The Food and Drug Administration (FDA) established a docket to receive information and comments on the use of the term ‘‘natural’’ in the labeling of human food products and dietary supplements, including genetically-engineered foods and products that contain genetically-engineered ingredients. For a review of the regulatory implications of FDA’s announcement, see here. FDA’s latest action also could impact pending and future litigation challenging “natural” claims on food products in at least three significant ways: 1) reconsideration of prior and pending motions to stay, 2) triggering new preemption arguments and 3) altering the litigation mitigation landscape.
First, FDA’s latest inquiry provides an opportunity for companies to seek stays or dismissal on primary jurisdiction grounds of ongoing “natural” food and dietary supplement litigation while the agency’s new policy is being developed. Over the years, the absence of rules governing the use of “natural” in product labeling spawned dozens of private class action lawsuits across the country, particularly in California. See our discussion here. Many companies moved to stay those class actions on primary jurisdiction grounds, pending resolution by FDA on the definition of the term “natural.” Those motions were not resolved uniformly by the courts. Some cases were stayed and others were not, depending on each court’s perspective on whether and when FDA was going to define the term. In January 2014, FDA issued a public letter acknowledging the litigation and the stays, but also noting that private litigation would not dictate FDA’s allocation of resources and that it was not allocating resources at that time to defining the term “natural.” In other words, FDA’s letter made clear that it was not exercising its jurisdiction at that time to decide which foods and food ingredients were “natural.” FDA’s letter resulted in most of the stays being lifted and litigation continued. FDA’s new notice reflects FDA’s exercise of jurisdiction on the issue and affords companies named in lawsuits challenging “natural” claims with a renewed basis to bring a motion to stay on primary jurisdiction grounds.
Second, the ultimate impact on consumer litigation of any further FDA action may depend, inter alia, on the type of action FDA chooses to take. Additional guidance from FDA on this issue may not reduce the number of consumer class action lawsuits given that in the past, plaintiffs and their counsel have used FDA’s limited guidance on this issue to frame their claims. FDA “has not objected” to the use of the term “natural” if a food does not contain added color (even when from a natural source, like beet juice), synthetic substances or artificial flavors.
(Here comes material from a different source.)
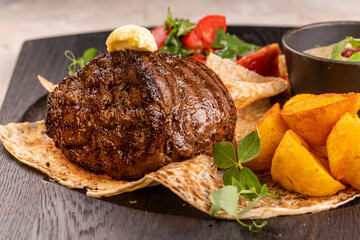 Fried beef fillet medallion steak close up on a wooden cutting board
On the other hand, if FDA makes findings and issues regulations on the proper use of the term “natural” in food labeling, then state law (including common law) inconsistent with such regulations would be preempted, potentially reducing or resolving consumer lawsuits that challenge the use of the term in a manner of which FDA has approved.
Third, best practices demand that companies continually reassess their “natural” product claims and labeling through the lens of a plaintiff’s eye in order to be aware of their potential litigation exposure. This exposure often can be reduced in ways fully consistent with business and marketing goals. False advertising claims need not be predicated on lack of regulatory compliance; many such claims are brought even when labels and marketing are fully compliant with federal law and FDA regulations. Small changes to a label, claim or webpage can mitigate legal risk; if advertising has changed over time, the exposure period is potentially circumscribed. Moreover, if FDA provides further clarification on use of the term “natural,” companies will be able to even better assess the legal and business risks of advertising their “natural” products. Keeping abreast of developments in this changing legal landscape and making adjustments as appropriate will be key to successful marketing products without undue exposure.
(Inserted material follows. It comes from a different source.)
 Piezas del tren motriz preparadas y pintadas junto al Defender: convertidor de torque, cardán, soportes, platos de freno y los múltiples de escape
The comment period on FDA’s new notice runs until February 10, 2016. FDA is seeking input specifically on:
- Whether it is appropriate to define the term “natural”;
- If so, how the agency should define “natural”; and
- How the agency should determine appropriate use of the term on food labels.
FDA recently indicated that it intends to “collect and analyze all of the public comments and information it receives before determining how to proceed on this issue.” In other words, formal rulemaking may or may not result from this process. But the information and comments provided to FDA may provide important clues about the issues consumers and their lawyers are most concerned about vis-à-vis the use of the term “natural” and may also reveal consumer expectations and understanding of the term. Such information could prove useful in defending and even defeating proposed class actions, particularly if the comments reveal that consumers do not have a common understanding or expectation of what it means when the word “natural” appears on a product label. As for whether or not FDA ultimately decides to formally address “natural” labeling of dietary supplements and other food products, FDA’s inquiry alone provides an opportunity for companies and the courts to press pause on the ongoing “natural” food and supplement litigation while possible answers are being developed.